Au-delà du recours à la force, il est important de reconnaître le rôle de haut niveau que joue l’État dans la réglementation et l’adoption de ces nouveaux actifs. L’État peut créer des « sandboxes » pour l’innovation[15], autrement dit attirer les investisseur·ice·s, faciliter les collaborations public-privé et soutenir les technologies émergentes. Alternativement, L’État peut faire respecter la réglementation actuelle par la force, perturbant ainsi la formation de capital et nuisant aux premier·ère·s innovateur·ice·s. L’équilibre entre la promotion de l’innovation et l’extension excessive du contrôle réglementaire est difficile à trouver, mais en fin de compte, dans le cas des crypto-actifs verts, les institutions publiques chargées de faire face aux crises environnementales en cours ne devraient pas en ignorer le potentiel.

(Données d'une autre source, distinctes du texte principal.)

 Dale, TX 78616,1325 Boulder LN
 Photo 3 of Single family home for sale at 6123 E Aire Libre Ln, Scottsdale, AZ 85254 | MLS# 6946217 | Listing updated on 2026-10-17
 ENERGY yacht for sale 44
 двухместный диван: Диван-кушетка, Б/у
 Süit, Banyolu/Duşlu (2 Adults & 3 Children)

Malgré leur nouveauté, il est clair que bon nombre des actifs cités dans cet ouvrage sont prometteurs dans la réalisation des programmes technologiquement neutres en matière de durabilité, d’économie circulaire et de marchés d’actifs naturels que poursuivent déjà de nombreux États.

MATÉRIALITÉ

La complexité d’évaluer dans quelle mesure les propriétés des crypto-actifs verts sont couplées à la réalité matérielle aboutit souvent à l’observation commune et ambiguë selon laquelle cela « dépend ». Cette ambiguïté découle de l'interaction complexe entre des facteurs tels que la technologie sous-jacente de l'actif, l'environnement réglementaire, les conditions économiques et l'objectif spécifique qu'il sert au sein de l'écosystème d'actifs et des marchés plus larges.

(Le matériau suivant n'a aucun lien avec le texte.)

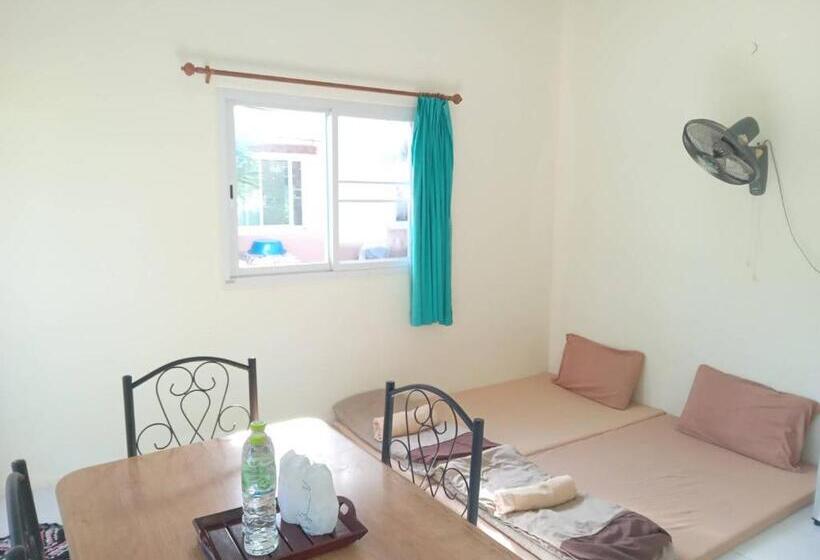 Resort บ้านสวนวารินทร์ รีสอร์ท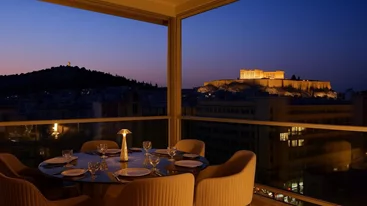 Video walkthrough: Η Ναταλία Δραγούμη απολαμβάνει δείπνο με θέα στο "Zale Rooftop Restaurant Bar"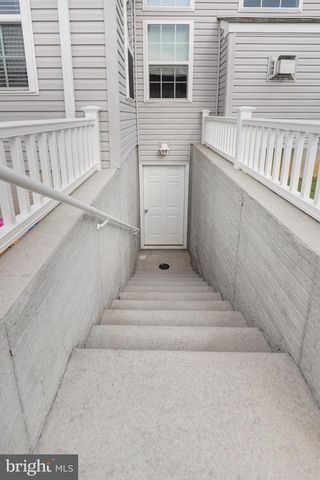 2 TROUBLE LN, Smyrna, DE 19977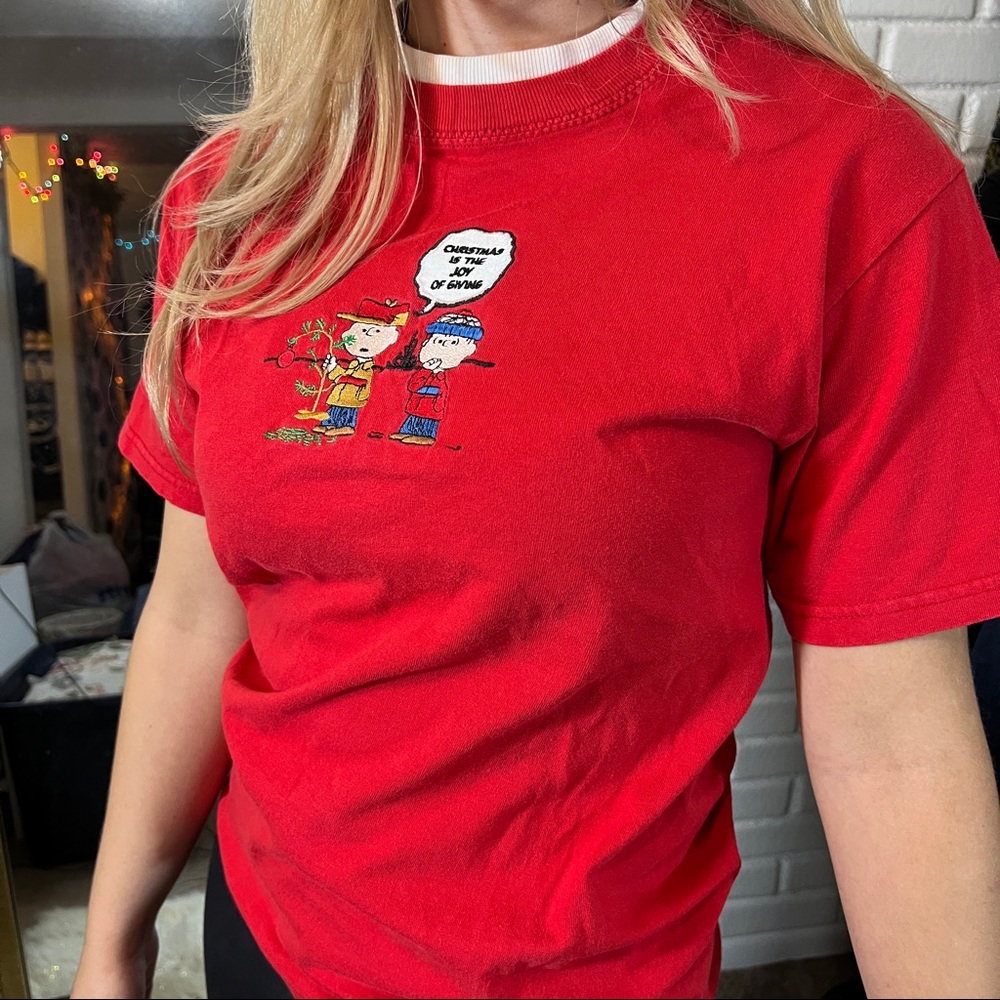 Vintage Peanuts Embroidered Christmas Tee Shirt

Lors de la conception d’actifs verts, plusieurs principes clés aident à orienter leur efficacité et leur alignement avec les objectifs visés. Alors que le paysage évolue, les principes fondamentaux d'une bonne conception d'actifs verts ont tendance à se rapporter aux couches précédentes abordées dans ce document, telles que le contenu du support matériel de l'actif, la méthode et la transparence de sa collecte de données, sa disponibilité et son infrastructure de stockage, et la robustesse de l'institution émettrice telle qu'elle est comprise par la nature de sa gouvernance.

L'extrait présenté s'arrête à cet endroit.